OS PARTOS

Ela comeu a última pêra, suculenta, sabor prazeroso de vida, líquido descendo pela maravilhosa máquina humana. O ar parecia não suprir todas as partes de seu organismo, respiração ofegante até conseguir um espaço na maternidade.

Difícil momento, muita insegurança e dor. A preparação para a chegada da vida na maioria das vezes é animalesca e selvagem, não apenas pelo rompimento de tecidos, pois a mulher vira-se do avesso, porém a dor maior acontece também pela falta de sensibilidade de alguns homens de branco que não conhecem a empatia.

A leoa, a gata, a cadela, a vaca, a coelha, as fêmeas em geral e a mulher igualam-se na escala evolutiva nesse momento tão carnal e celestial que é permitir, parir um novo ser.

A jovem Sílvia olhava o teto quase sem forças, os membros inferiores ao alto, abertos, ela dilacerada, suada, pensando no pecado de Eva e nas palavras do Senhor: “Por teres descumprido uma ordem, por teres tentado Adão, irás parir com dor e sofrimento.” Mais uma responsabilidade para o ex-sexo frágil.

Então, a dor transforma-se em felicidade, porque o pequeno ser, frágil, ainda envolto em fezes e sangue observa Sílvia, e as lágrimas de ambas fecundam o momento que se eterniza. Fera e cria unem-se para sempre, o encontro é inesquecível.

O ser animal, logo parte em liberdade em busca de espaço, alimento e novos relacionamentos; o ser humano esquece de cortar o cordão umbilical e a mãe cuida, amamenta, segura da mão, leva, aponta caminhos, prepara caminhos, chora, sorri, realiza-se.

Sílvia lembra do companheiro: amor, paixão, entrega, conseqüência. Planejamento, outro filho. Ventre enorme, redondo, bicudo, chutes para todos os lados. Emoção e renovação. Os pés incham, a coluna parece querer partir-se, a bexiga não agüenta tanta pressão. A fome é de leoa, mas é preciso controlar o apetite, selecionar bons alimentos, sacrificar-se. Foram escolhas.

Força, diz o médico, respiração de “cachorrinho”, é uma contração atrás da outra, novamente a dor abrindo as entranhas, o suor lavando até a alma, gemidos de fera no mato.

O bebê tranca na bacia, muda de posição, perigo à vista! O que fazer? Uma maca, correria, corredores, elevador, sala de parto, anestesia.

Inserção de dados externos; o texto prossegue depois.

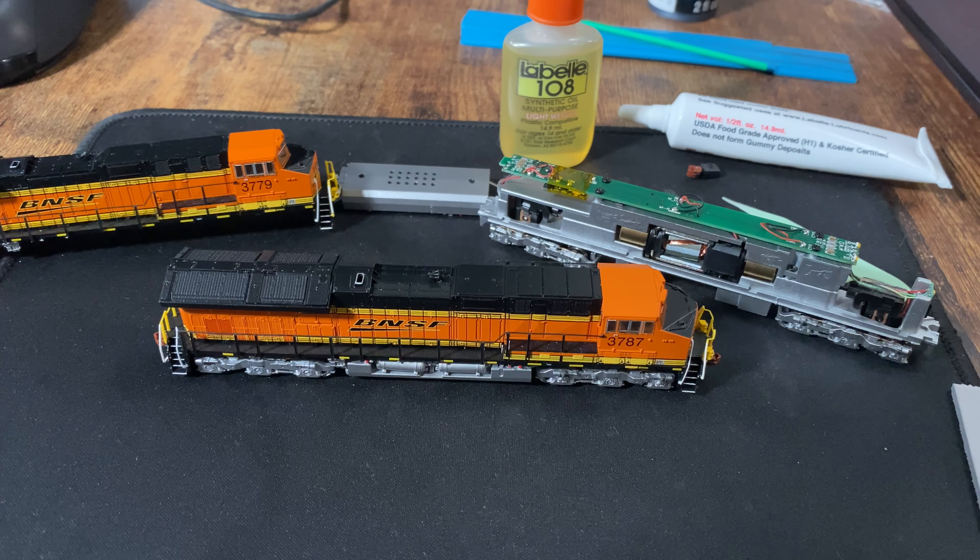50-50 shot that the camera will actually pick up the sound, but here is the quieter of the two. And here is the one that I think the motor is just outrageously loud.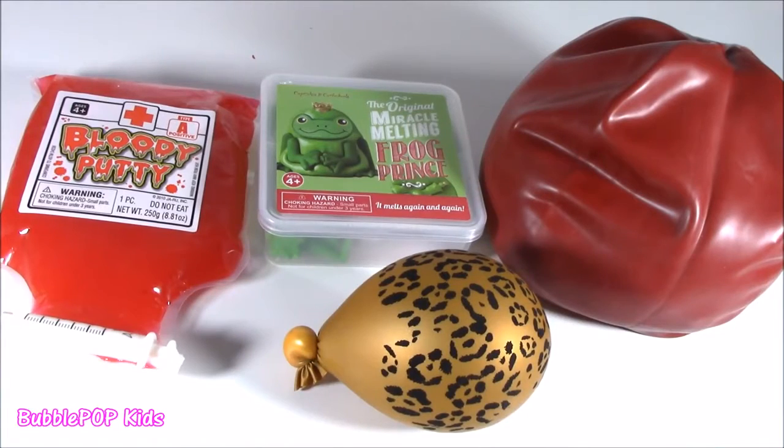Hey little bubble teens, Bubble Pop Kids here. Squish-a-Choppin' Friday, right now. I like a Squish-a-Choppin' Friday.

Sílvia sente-se embriagada, seu corpo inerte da cintura para baixo, mil emoções e lembranças em sua memória. E se fosse necessário abdicar de sua própria vida para que sua cria nascesse? Se até a mãe vaca chora por seu bezerro quando não o encontra mais, o que a mãe-mulher seria capaz de fazer? Mas a força e a vontade de viver a iluminam e o bichinho-homem chega a este planeta, fazendo o maior berreiro e se impondo ao mundo, exigindo o peito e sugando o alimento que o fará mais humano.

Parto também é dor espiritual, é ligação de outros momentos, é aceitar o filho que chega por obscuros caminhos, por outros úteros e de espermatozóides desconhecidos. É ignorar a cor da pele, a genética que encaminha aquele ser em busca de evolução.

Contudo, os encontros deste mundo nos trás caminhos de desencontros, os filhotes humanos, como o das aves, criam asas e voam em busca de outros sóis.

O quente útero de outrora, das Sílvias, Marias, Joanas, Rosanes, Gildas, Rosas, estão secos e murchos. Como em todos os ciclos da vida, entram em processos degenerativos, até sucumbirem, desintegrando-se no grande útero da mãe terra e renascendo em novos encontros, em novas vidas!